INSTRUCTIONS TO FOLLOW: Restate the records that follow word for word. Omit the images.

[Image-text web data]

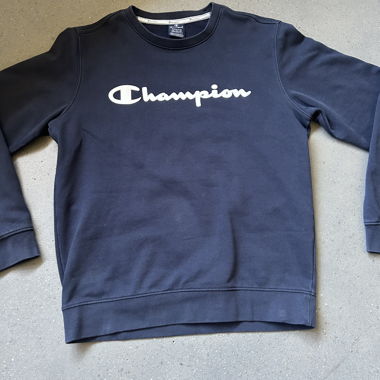Felpa Champion blu navy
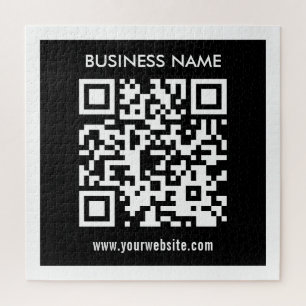 Bearbeitbarer (sofort generierter) QR-Code   Schwa Puzzle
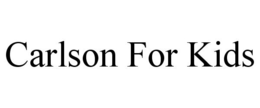 CARLSON FOR KIDS trademark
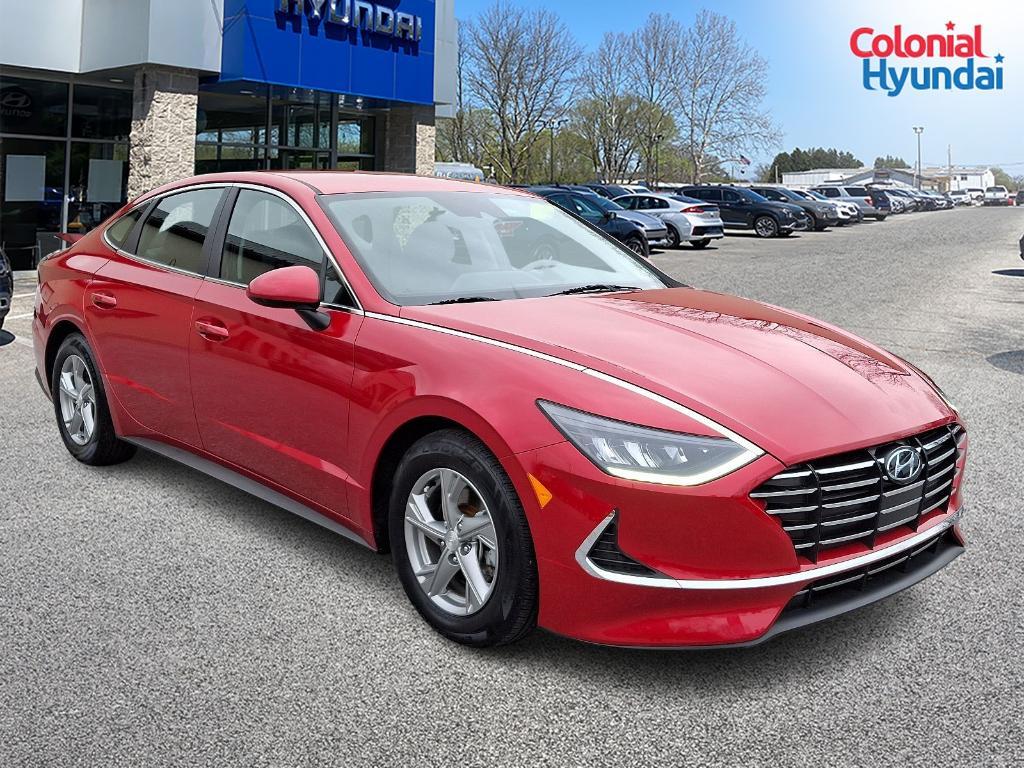 used 2020 Hyundai Sonata car, priced at $15,000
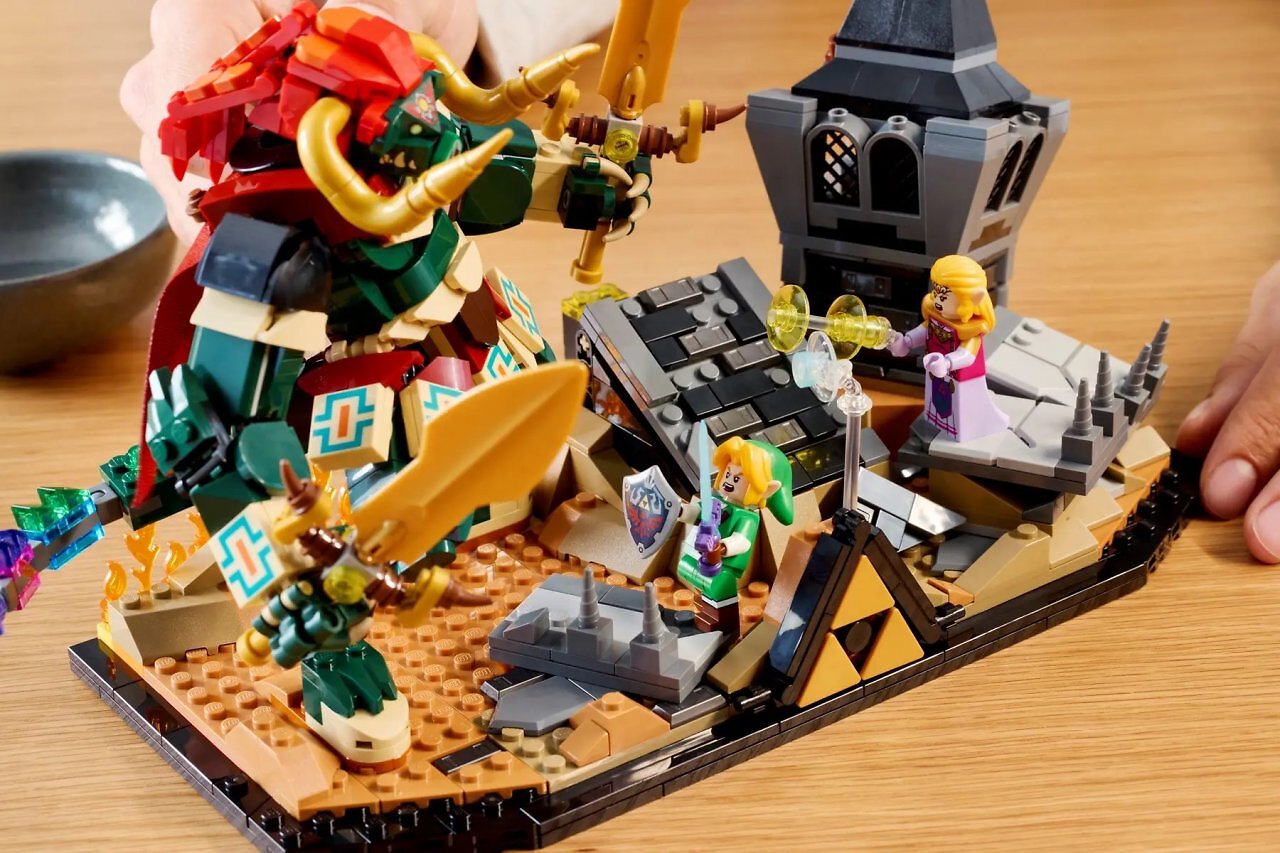 [18/01/2026] Lego Zelda: Neues Set rund um Ocarina of Time offiziell angekündigt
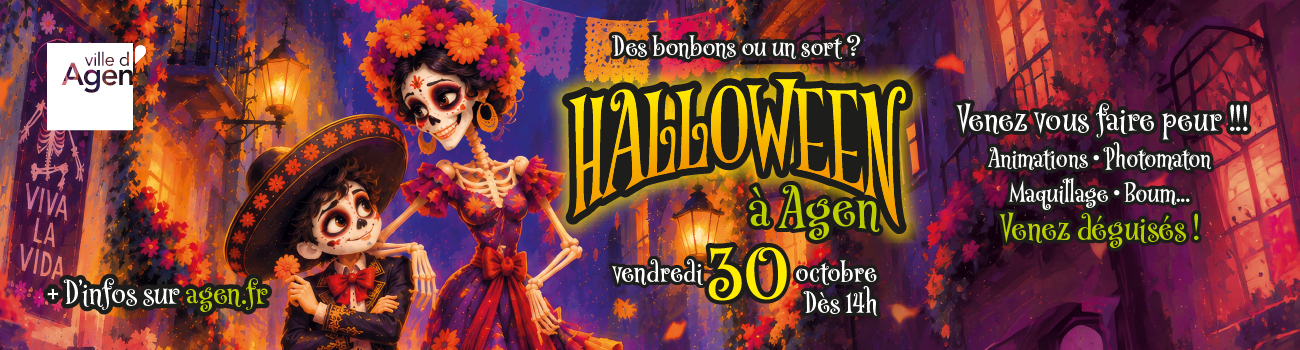 MAIRIE AGEN HALLOWEEN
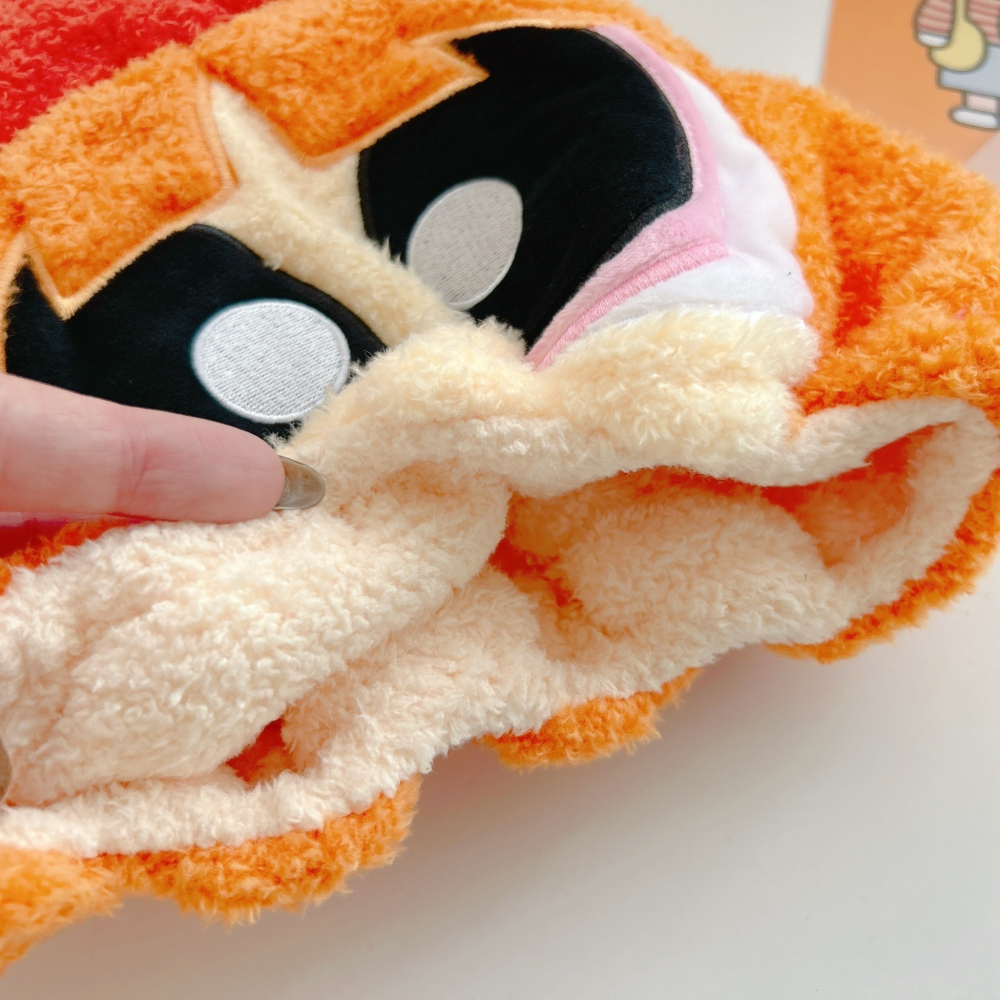 🎈彩虹尾巴🎈 飛天小女警造型吸水帽 花花 泡泡 毛毛 The Powerpuff Girls 乾髮帽 吸水乾髮帽-細節圖5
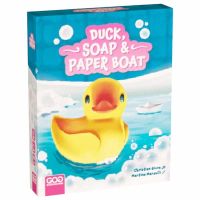 Duck, Soap & Paper Boat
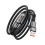 60W Various Device Charging Cord with LED Light USB C Charging Braided Cable 1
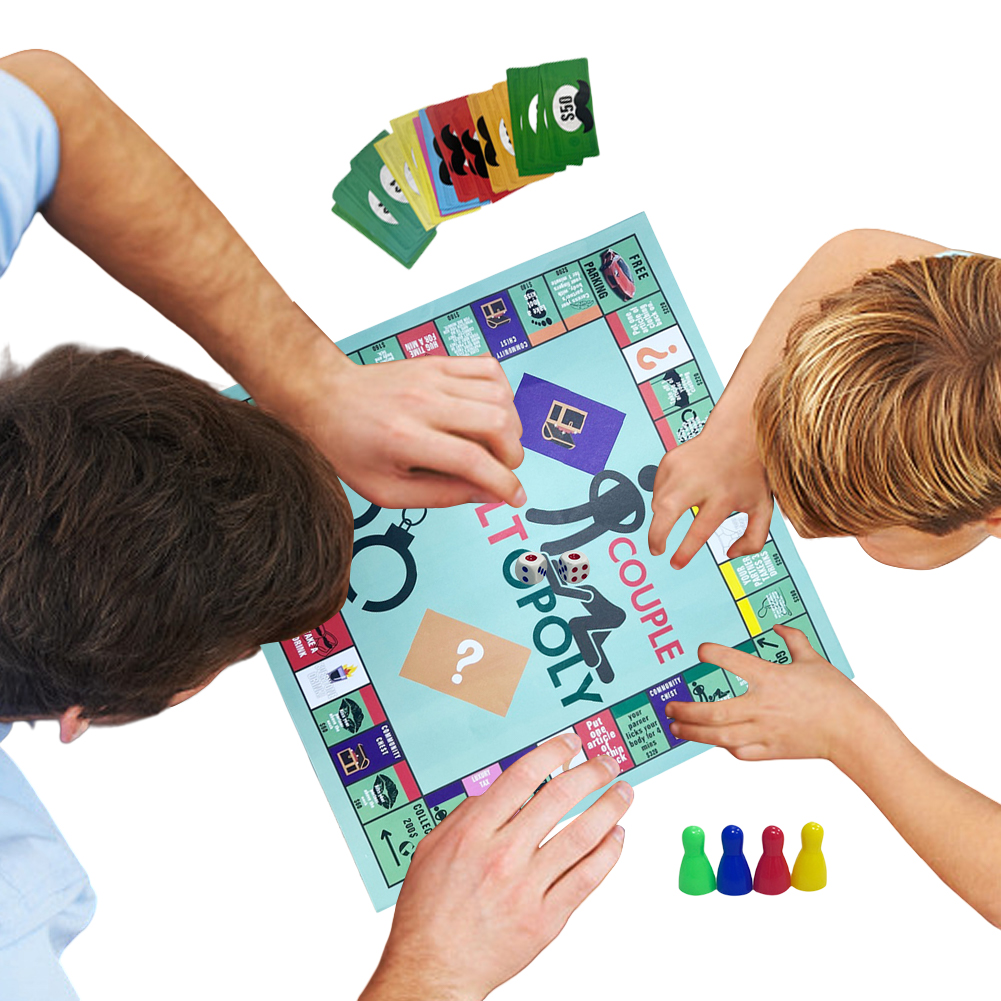 Couple Board Game Couple Board - Board Game Night avaliação e preço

REPLY TO THE TASK:
Felpa Champion blu navy
 Bearbeitbarer (sofort generierter) QR-Code   Schwa Puzzle
 CARLSON FOR KIDS trademark
 used 2020 Hyundai Sonata car, priced at $15,000
 [18/01/2026] Lego Zelda: Neues Set rund um Ocarina of Time offiziell angekündigt
 MAIRIE AGEN HALLOWEEN
 🎈彩虹尾巴🎈 飛天小女警造型吸水帽 花花 泡泡 毛毛 The Powerpuff Girls 乾髮帽 吸水乾髮帽-細節圖5
 Duck, Soap & Paper Boat
 60W Various Device Charging Cord with LED Light USB C Charging Braided Cable 1
 Couple Board Game Couple Board - Board Game Night avaliação e preço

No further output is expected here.